Researchers say discovery proves ‘gigantic predators’ fed on large prey

Researchers examining a nearly complete skeleton of a 240-million-year-old “megapredator” have found another large reptile in its stomach.

According to a study published in the scientific journal iScience, the 15-feet long ichthyosaur known as Guizhouichthyosaurus had swallowed a nearly 12-foot long thalattosaurs.

The ichthyosaur likely died soon after it devoured its prey.

“We have never found articulated remains of a large reptile in the stomach of gigantic predators from the age of dinosaurs, such as marine reptiles and dinosaurs,” University of California Davis professor and study co-author Ryosuke Motani said in a statement. “We always guessed from tooth shape and jaw design that these predators must have fed on large prey, but now we have direct evidence that they did.”

The fossilized remains of the ichthyosaur were found in southwestern China in 2010.

Ichthyosaur means “fish lizard,” an apt way to describe the giant sea-dwelling creature. The earliest known ichthyosaurs had long, flexible bodies and likely swam similar to modern-day eels, according to an article from the University of California Berkeley.

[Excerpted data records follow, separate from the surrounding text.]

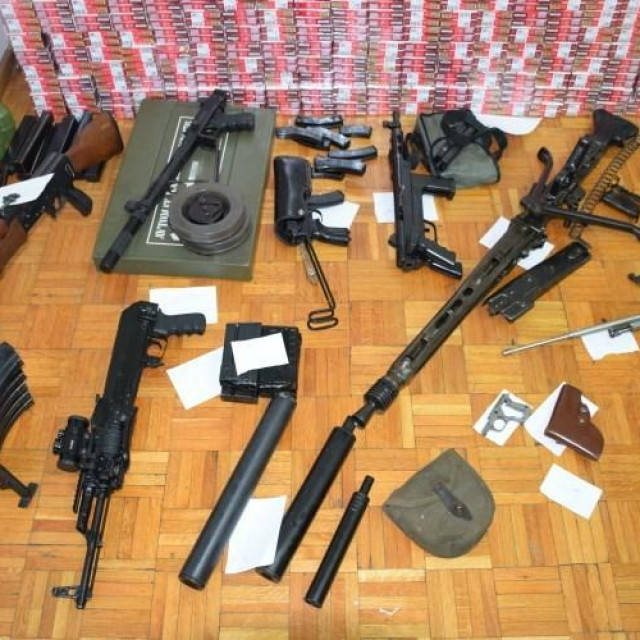 Zaplijenjeno oružje
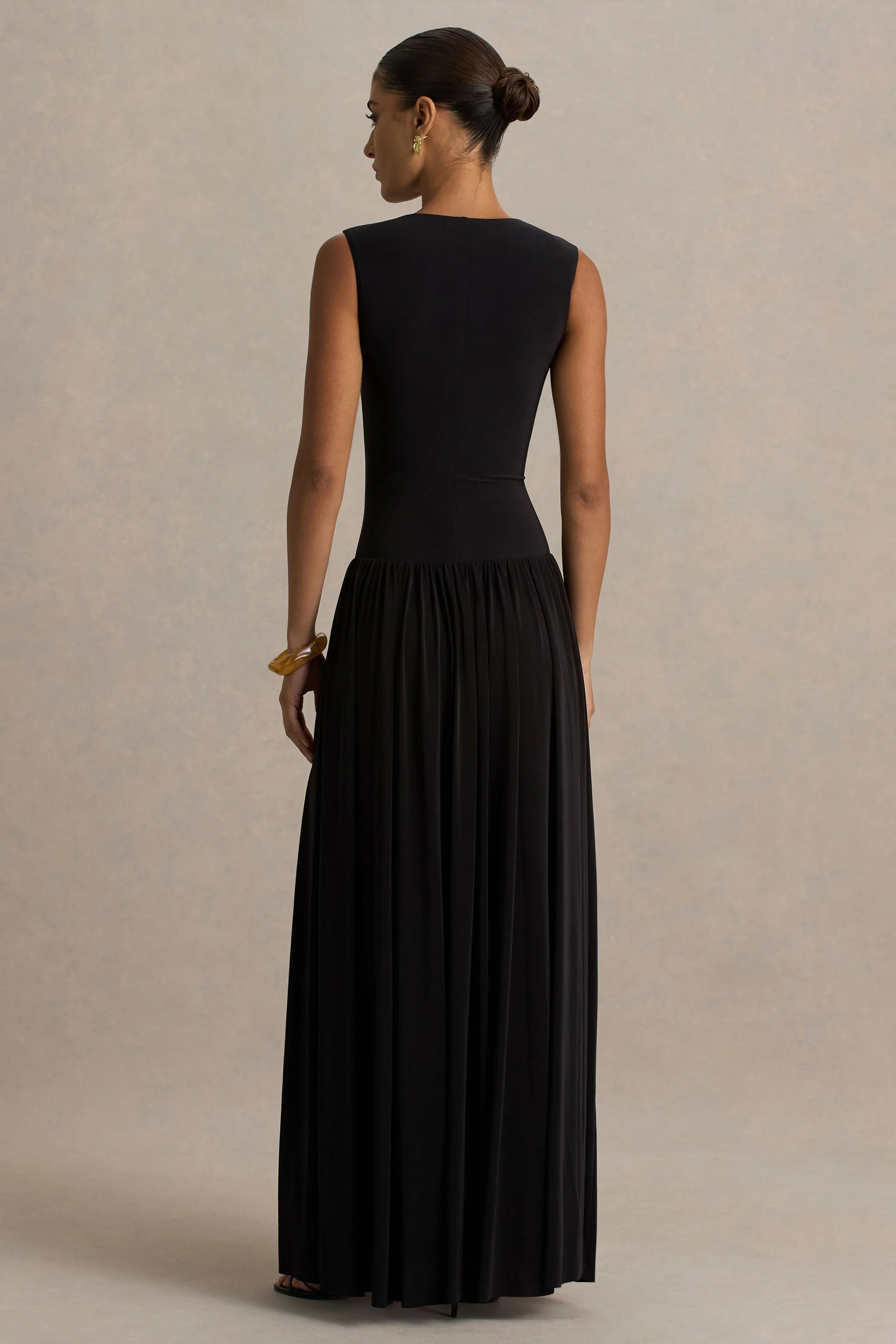 Rosalita | Black Crew-Neck Maxi Dress With Drop-Waist - Image 2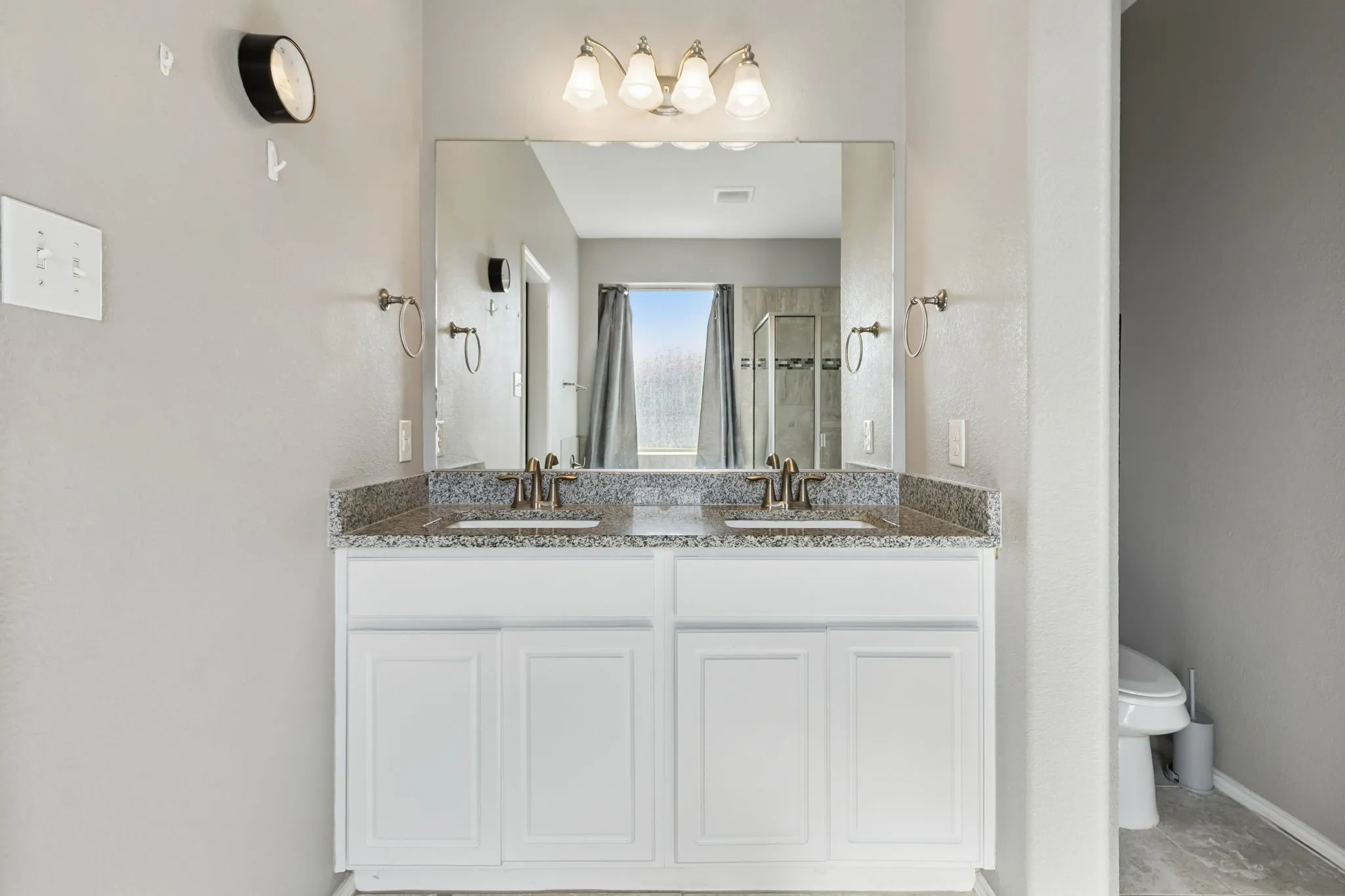 Primary Ensuite Bath
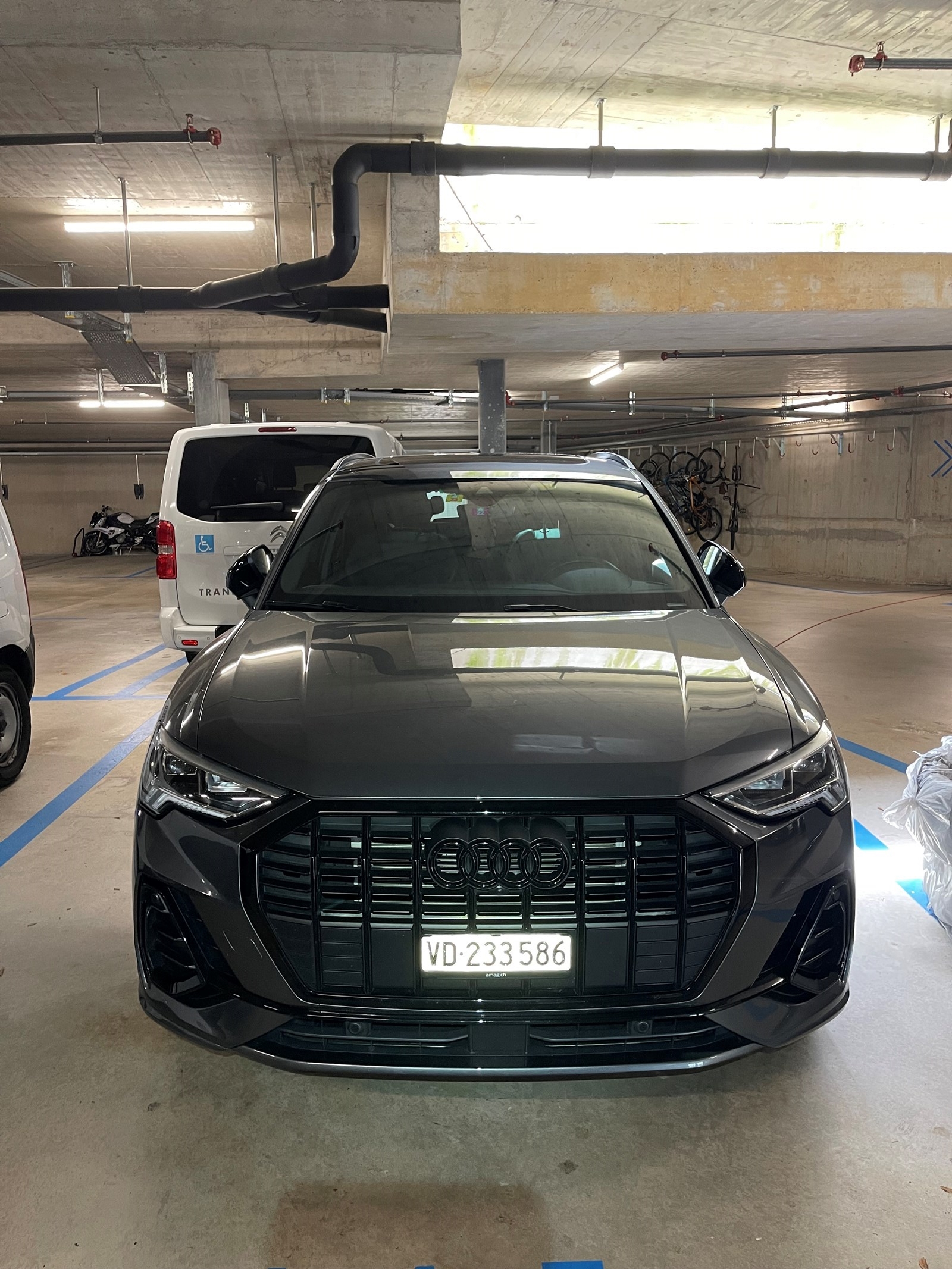 AUDI Q3 45 TFSI e S line Attraction S-tronic-image-2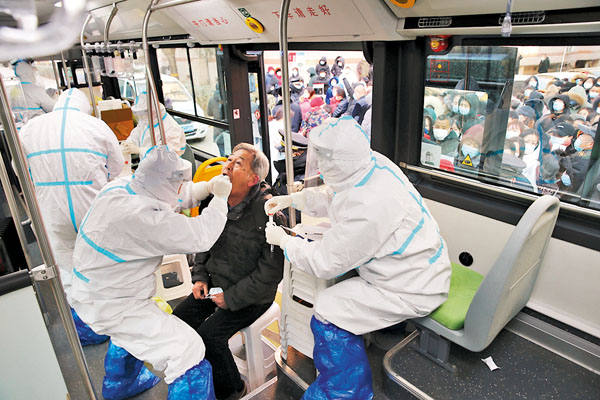 ● 醫護人員昨日在「核酸採樣流動車」內為石家莊市民進行核酸採樣。     新華社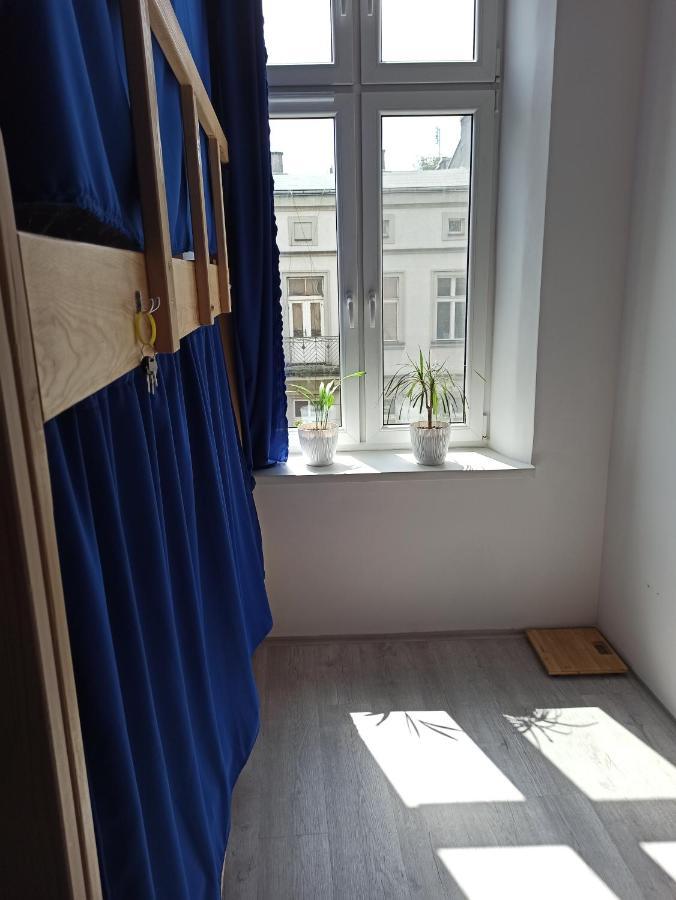 Evergreen Hostel Cracovie Extérieur photo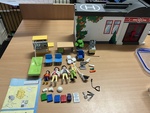EC36: Playmobil Take Along Medical Centre Hospital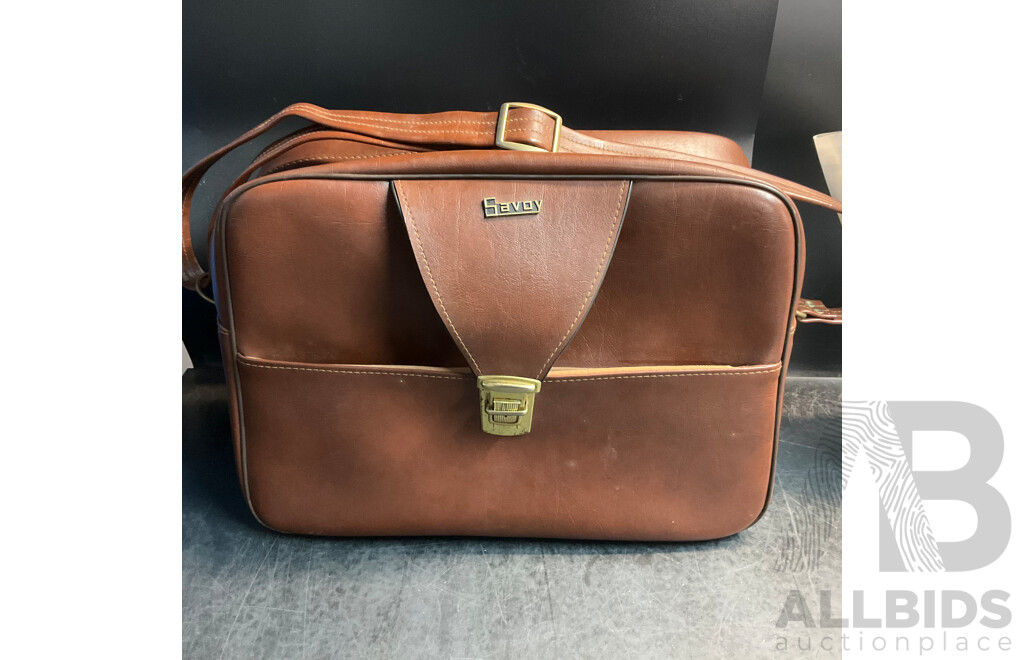 Vintage SAVOY Travel/ Business Bag W/Key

Given the size of the prey, it’s possible the ichthyosaur could be reclassified as an “apex predator,” putting it at the top of the food chain during the early part of the Mesozoic Era.

“Air-breathing marine predators have been essential components of the marine ecosystem since the Triassic,” the researchers wrote in the study’s summary. “Many of them are considered the apex predators but without direct evidence—dietary inferences are usually based on circumstantial evidence, such as tooth shape. Here we report a fossil that likely represents the oldest evidence for predation on megafauna, i.e., animals equal to or larger than humans, by marine tetrapods—a thalattosaur (∼4 m in total length) in the stomach of a Middle Triassic ichthyosaur (∼5 m).”

The researchers continued: “The predator has grasping teeth yet swallowed the body trunk of the prey in one to several pieces. There were many more Mesozoic marine reptiles with similar grasping teeth, so megafaunal predation was likely more widespread than presently conceived.”

Some ichthyosaur fossils discovered have shown the creatures to give birth to live, developed young. Unlike dinosaurs, which ichthyosaurs have been confused with, they did not lay eggs.

It’s still unclear which group of modern-day vertebrates are the closest relative to ichthyosaurs, but researchers have suggested they may have been an offshoot of diapsids, which includes dinosaurs, birds and pterosaurs. Others have suggested that it may actually be a distant relative of sea turtles.

Researchers continue to learn more about ichthyosaurs thanks to recent fossil discoveries.

A number of ichthyosaurs fossils have been discovered recently. In April 2018, the massive jawbone of a 205-million-year-old ichthyosaur was discovered in southwestern England, making it “one of the largest animals to ever live.” The fossils of a 180-million-year-old ichthyosaur, which also contained evidence of blubber and skin, were discovered in December 2018.

In January 2019, researchers used 3-D technology to unlock the secrets of a nearly 200-million-year-old ichthyosaur skull, which was discovered in a U.K. farmer’s field in 1955.